Requirement:
Print out the entries below with no edits.

___ Records for this task ___

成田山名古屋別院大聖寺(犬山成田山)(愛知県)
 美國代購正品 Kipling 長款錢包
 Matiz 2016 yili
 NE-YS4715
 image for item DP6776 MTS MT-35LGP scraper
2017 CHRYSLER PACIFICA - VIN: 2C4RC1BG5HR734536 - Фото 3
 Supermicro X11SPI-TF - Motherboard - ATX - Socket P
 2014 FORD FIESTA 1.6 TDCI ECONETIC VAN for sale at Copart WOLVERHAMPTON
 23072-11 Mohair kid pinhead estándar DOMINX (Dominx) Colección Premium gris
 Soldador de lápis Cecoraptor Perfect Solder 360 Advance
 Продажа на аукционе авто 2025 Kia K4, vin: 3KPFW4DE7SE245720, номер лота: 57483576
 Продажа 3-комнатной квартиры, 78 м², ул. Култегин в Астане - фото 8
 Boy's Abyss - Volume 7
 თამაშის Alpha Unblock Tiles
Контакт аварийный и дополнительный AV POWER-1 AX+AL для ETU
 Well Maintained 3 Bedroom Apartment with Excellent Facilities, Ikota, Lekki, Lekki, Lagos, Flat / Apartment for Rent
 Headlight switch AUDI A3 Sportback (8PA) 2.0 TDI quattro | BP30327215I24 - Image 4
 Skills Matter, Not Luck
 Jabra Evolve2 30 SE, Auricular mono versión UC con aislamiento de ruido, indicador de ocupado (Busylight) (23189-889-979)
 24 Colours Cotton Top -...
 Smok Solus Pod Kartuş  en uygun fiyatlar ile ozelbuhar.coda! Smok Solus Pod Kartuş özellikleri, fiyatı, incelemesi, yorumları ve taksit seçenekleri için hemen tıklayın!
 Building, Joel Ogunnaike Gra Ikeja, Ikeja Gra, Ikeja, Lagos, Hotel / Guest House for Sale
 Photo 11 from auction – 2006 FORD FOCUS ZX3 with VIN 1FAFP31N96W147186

___

Written answer:
成田山名古屋別院大聖寺(犬山成田山)(愛知県)
 美國代購正品 Kipling 長款錢包
 Matiz 2016 yili
 NE-YS4715
 image for item DP6776 MTS MT-35LGP scraper
2017 CHRYSLER PACIFICA - VIN: 2C4RC1BG5HR734536 - Фото 3
 Supermicro X11SPI-TF - Motherboard - ATX - Socket P
 2014 FORD FIESTA 1.6 TDCI ECONETIC VAN for sale at Copart WOLVERHAMPTON
 23072-11 Mohair kid pinhead estándar DOMINX (Dominx) Colección Premium gris
 Soldador de lápis Cecoraptor Perfect Solder 360 Advance
 Продажа на аукционе авто 2025 Kia K4, vin: 3KPFW4DE7SE245720, номер лота: 57483576
 Продажа 3-комнатной квартиры, 78 м², ул. Култегин в Астане - фото 8
 Boy's Abyss - Volume 7
 თამაშის Alpha Unblock Tiles
Контакт аварийный и дополнительный AV POWER-1 AX+AL для ETU
 Well Maintained 3 Bedroom Apartment with Excellent Facilities, Ikota, Lekki, Lekki, Lagos, Flat / Apartment for Rent
 Headlight switch AUDI A3 Sportback (8PA) 2.0 TDI quattro | BP30327215I24 - Image 4
 Skills Matter, Not Luck
 Jabra Evolve2 30 SE, Auricular mono versión UC con aislamiento de ruido, indicador de ocupado (Busylight) (23189-889-979)
 24 Colours Cotton Top -...
 Smok Solus Pod Kartuş  en uygun fiyatlar ile ozelbuhar.coda! Smok Solus Pod Kartuş özellikleri, fiyatı, incelemesi, yorumları ve taksit seçenekleri için hemen tıklayın!
 Building, Joel Ogunnaike Gra Ikeja, Ikeja Gra, Ikeja, Lagos, Hotel / Guest House for Sale
 Photo 11 from auction – 2006 FORD FOCUS ZX3 with VIN 1FAFP31N96W147186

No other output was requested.